SCOW to review whether “Marsy’s Law” allows alleged victims to intervene in Shiffra/Green litigation
State & T.A.J. v. Alan S. Johnson, 2019AP664-CR, petition for review of a published court of appeals decision granted 2/26/21; case activity (including briefs)
Issues presented (from Johnson’s PFR)
Does an alleged victim in a criminal case have standing under the 2020 crime victims’ rights constitutional amendment to submit legal arguments in opposition to the defendant’s motion for in camera review pursuant to the Shiffra/Green line of cases?
Did the 2020 constitutional amendment apply retroactively to a case that was commenced before the amendment was ratified?
SCOW to address mootness and due process right to notice of recommitment hearing
Sauk County v. S.A.M., 2019AP1033, petition for review granted 2/24/21; case activity
Issues for review:
1. Whether S.A.M.’s appeal from his recommitment is moot because it expired before S.A.M. filed his notice of appeal.
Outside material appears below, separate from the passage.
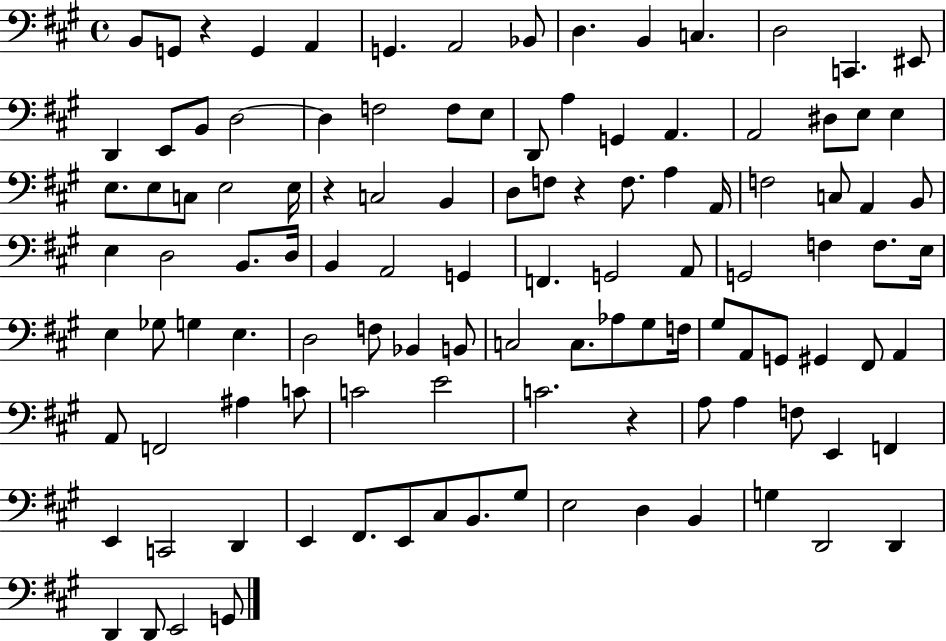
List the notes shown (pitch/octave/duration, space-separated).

B2/e G2/e R/q G2/q A2/q G2/q. A2/h Bb2/e D3/q. B2/q C3/q. D3/h C2/q. EIS2/e D2/q E2/e B2/e D3/h D3/q F3/h F3/e E3/e D2/e A3/q G2/q A2/q. A2/h D#3/e E3/e E3/q E3/e. E3/e C3/e E3/h E3/s R/q C3/h B2/q D3/e F3/e R/q F3/e. A3/q A2/s F3/h C3/e A2/q B2/e E3/q D3/h B2/e. D3/s B2/q A2/h G2/q F2/q. G2/h A2/e G2/h F3/q F3/e. E3/s E3/q Gb3/e G3/q E3/q. D3/h F3/e Bb2/q B2/e C3/h C3/e. Ab3/e G#3/e F3/s G#3/e A2/e G2/e G#2/q F#2/e A2/q A2/e F2/h A#3/q C4/e C4/h E4/h C4/h. R/q A3/e A3/q F3/e E2/q F2/q E2/q C2/h D2/q E2/q F#2/e. E2/e C#3/e B2/e. G#3/e E3/h D3/q B2/q G3/q D2/h D2/q D2/q D2/e E2/h G2/e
2. Whether the county failed to meet its burden of proving dangerousness by clear and convincing evidence.
3. Whether S.A.M. was denied procedural due process because the county failed to provide particularized notice of the basis for his recommitment. including which standard of dangerousness was being alleged.
4. Whether this court has the authority, through its “superintending and administrative authority over all courts” (Wis. Const. art. VII, § 3(1)) and/or its authority to “regulate pleading, practice, and procedure in judicial proceedings in all courts” (Wis. Stat. § 751.12(1)), to require the court of appeals to expedite the disposition of appeals under Wis. Stat. ch. 51, or in some other manner to ensure that appellants under Wis. Stat. ch. 51 receive an appeal that addresses the merits of the appellants’ contentions?*
SCOW to address timing of jury demands for Chapter 51 final hearings
Waukesha County v. E.J.W., 2020AP370, petition for review granted 2/26/21, reversed, 2021 WI 85; case activity
Issue for review:
Section 51.20(11) provides that the subject of a commitment proceeding must demand a jury trial 48 hours in advance of the time set for the final hearing. When the court adjourns the hearing for good cause to appoint new counsel, does that reset the 48 hours for demanding a jury trial?